The California State Teachers’ Retirement System (CalSTRS) pledged $775 million to real estate during the third quarter, all of which was designated for value-added and opportunistic managers. Of the $775 million, $550 million was earmarked for commingled funds – a departure from an investment approach that has heavily favored joint ventures and separate accounts in recent years. Indeed, four out of six of CalSTRS’ real estate investments during the third quarter were in funds as compared to the second quarter, when all six of the pension plan’s investments were in joint ventures.
The new fund investments included a $50 million commitment to Brookfield Asset Management’s Brookfield US Multifamily Value Add Fund, which will acquire and develop US multifamily properties. The value-added vehicle, which is targeting $700 million in commitments and a 12 percent to 15 percent return, is Brookfield’s second multifamily fund. The firm’s first multifamily offering, Brookfield Fairfield US Multifamily Value Add Fund, raised $323 million in 2012, including $50 million from CalSTRS.

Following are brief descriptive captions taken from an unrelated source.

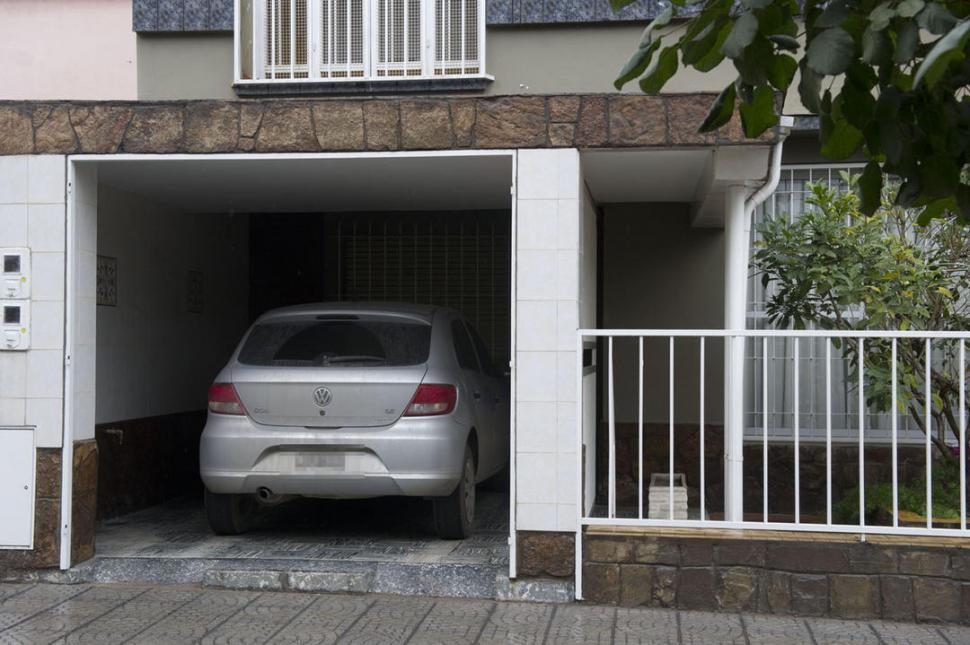 Arrancan las puertas y los portones de las casas - LA GACETA Tucumán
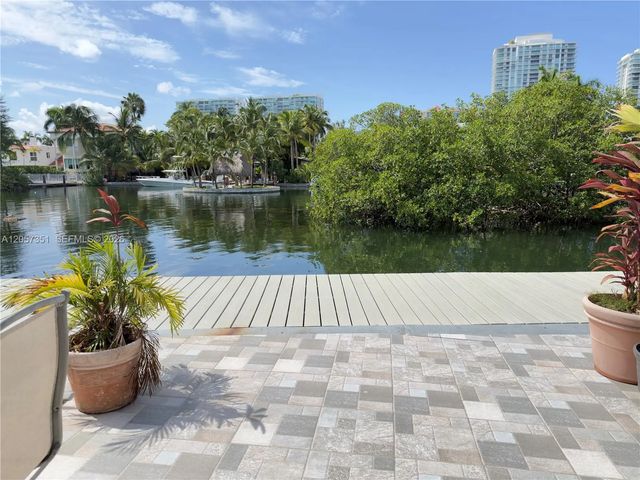 5 of 26 - 329 Poinciana Drive #909, Sunny Isles Beach, FL
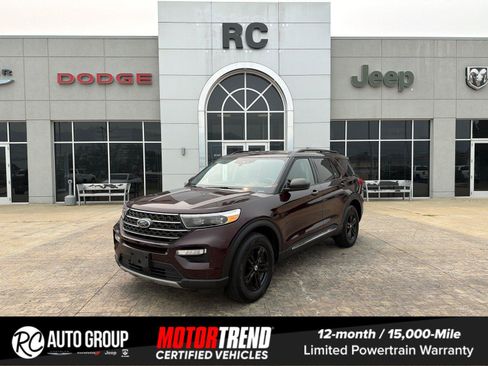 Used 2023 Ford Explorer XLT w/ Equipment Group 202A AWD/4WD image 1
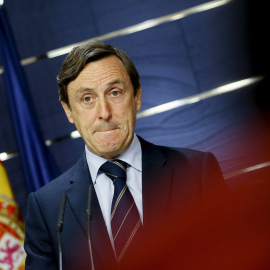 El portavoz del PP en el Congreso de los Diputados, Rafael Hernando, durante la rueda de prensa que ha ofrecido al finalizar la reunión de la Junta de Portavoces en la Cámara Baja. EFE/Mariscal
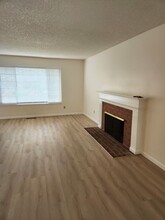 6523 Meadowridge Dr in Santa Rosa, CA - Building Photo - Building Photo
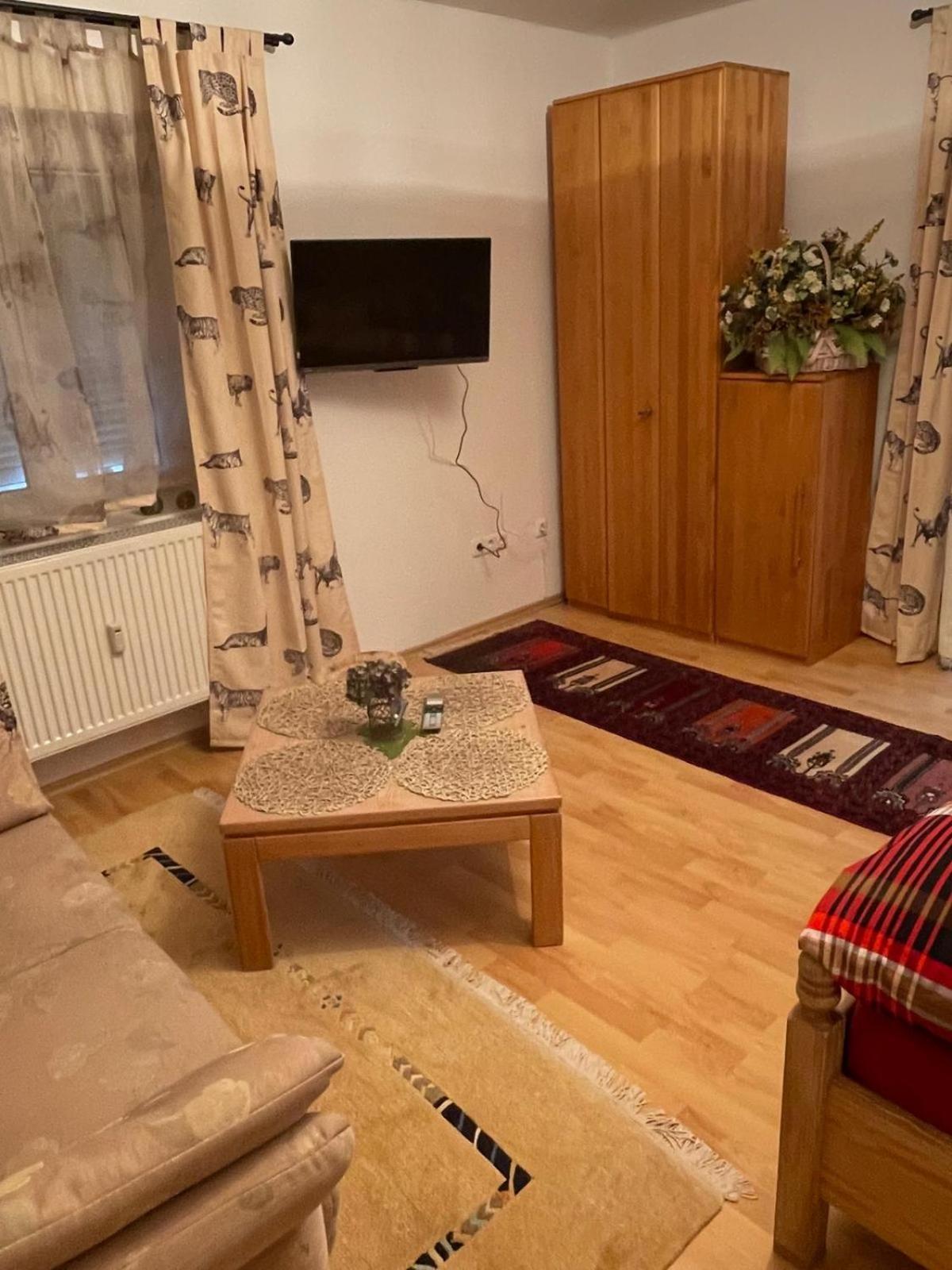 Schoene Ferienwohnung In Bahnhofsnaehe Fuer Urlaub, Studium Oder Arbeit Deggendorf Buitenkant foto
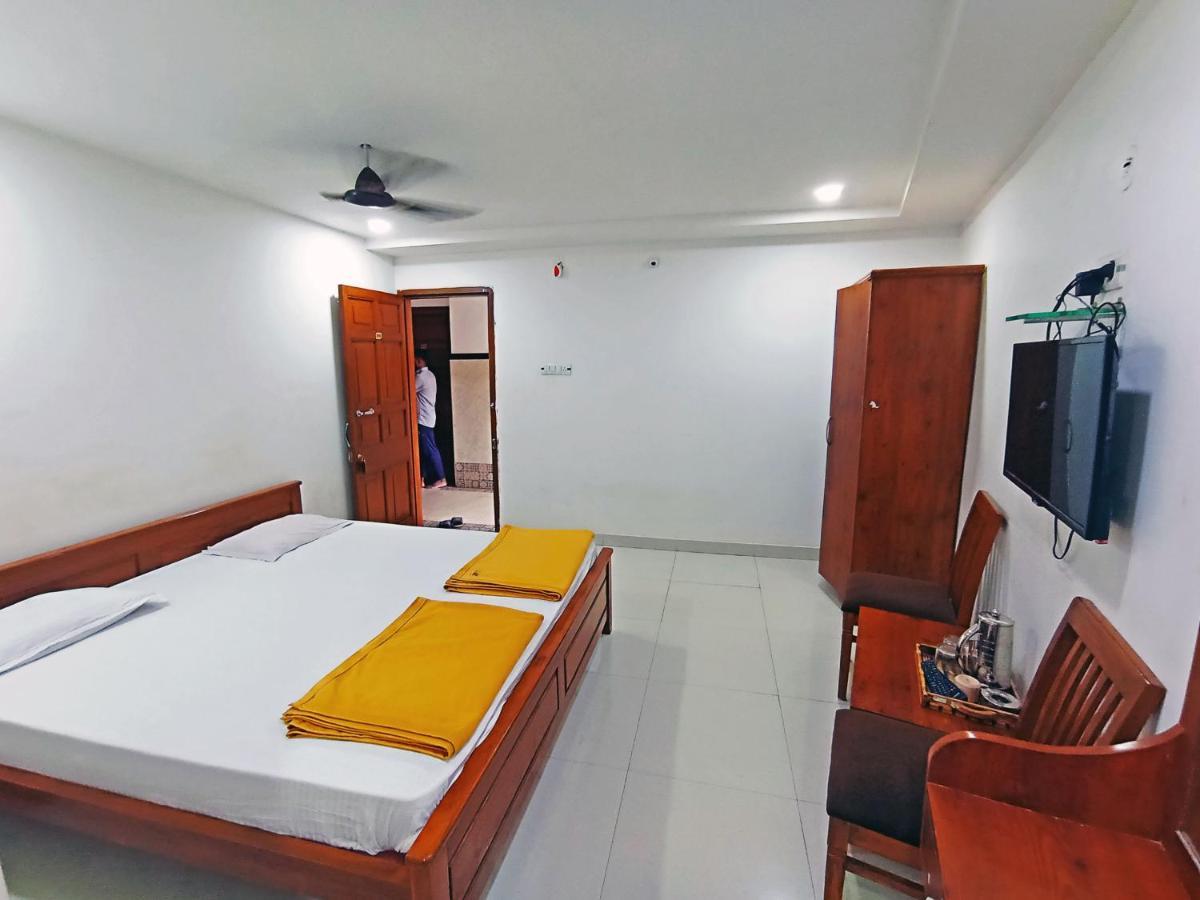 Staymaker Shri Shakti Residency Hubli Exterior photo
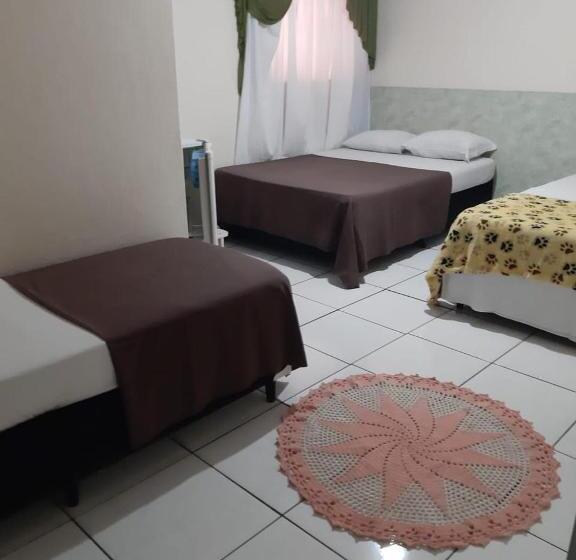 家庭间, Visk Palace Hotel E Restaurante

The pension plan also set aside £64.6 million (approximately €75 million; $100 million) for Frogmore’s Frogmore Real Estate Partners III, a £350 million fund that will invest in income-producing assets and redevelopments across property sectors in the UK. CalSTRS previously committed to both predecessor funds in the value-added series.
CalSTRS’ largest real estate commitments during the third quarter, however, were to two opportunistic funds. Secured Capital’s Secured Capital Real Estate Partners V and Lone Star Funds’ Lone Star Real Estate Fund III each were granted $200 million in equity from the pension plan during the third quarter. Secured Capital, CalSTRS’ sole new real estate manager during the period, will seek to invest in distressed real estate debt and portfolios of loans collateralized by commercial or residential real estate assets primarily in Japan. Last month, the firm held a final close of $1.5 billion for its fifth opportunity fund, significantly above its original $1 billion target.
Meanwhile, Lone Star is continuing to pursue distressed investment opportunities in economically troubled developed markets with its third global commercial real estate-focused fund. The vehicle, which raised $6.6 billion of third-party equity in October, is the sixth Lone Star fund in which CalSTRS is a limited partner.
The pension plan’s non-fund investments during the third quarter included earmarking an additional $150 million to an existing joint venture with CenterCal Properties. The partnership will continue to pursue a build-to-core acquisition strategy focusing on retail properties on the West Coast. Additionally, CalSTRS agreed to make a follow-on investment of $75 million to an existing joint venture with IHP Capital Partners, which is pursuing an opportunistic strategy of investing in single-family housing projects, residential development and entity-level investments in operators and builders.
At the end of the third quarter, CalSTRS held $22.22 billion of real estate assets, which represented 12.92 percent of its total portfolio. Several years after shifting its property investments to be heavily weighted to core, the pension plan saw its core real estate holdings overtake its opportunistic assets in size. Despite CalSTRS not making any core real estate investments during the third quarter, that segment of its property portfolio still grew from $8.70 billion to $9.54 billion during the three-month period. Meanwhile, opportunistic real estate fell from $10.41 billion as of June 30 to $9.16 billion as of September 30. Value-added holdings also declined from $3.51 billion to $3.24 billion during the third quarter.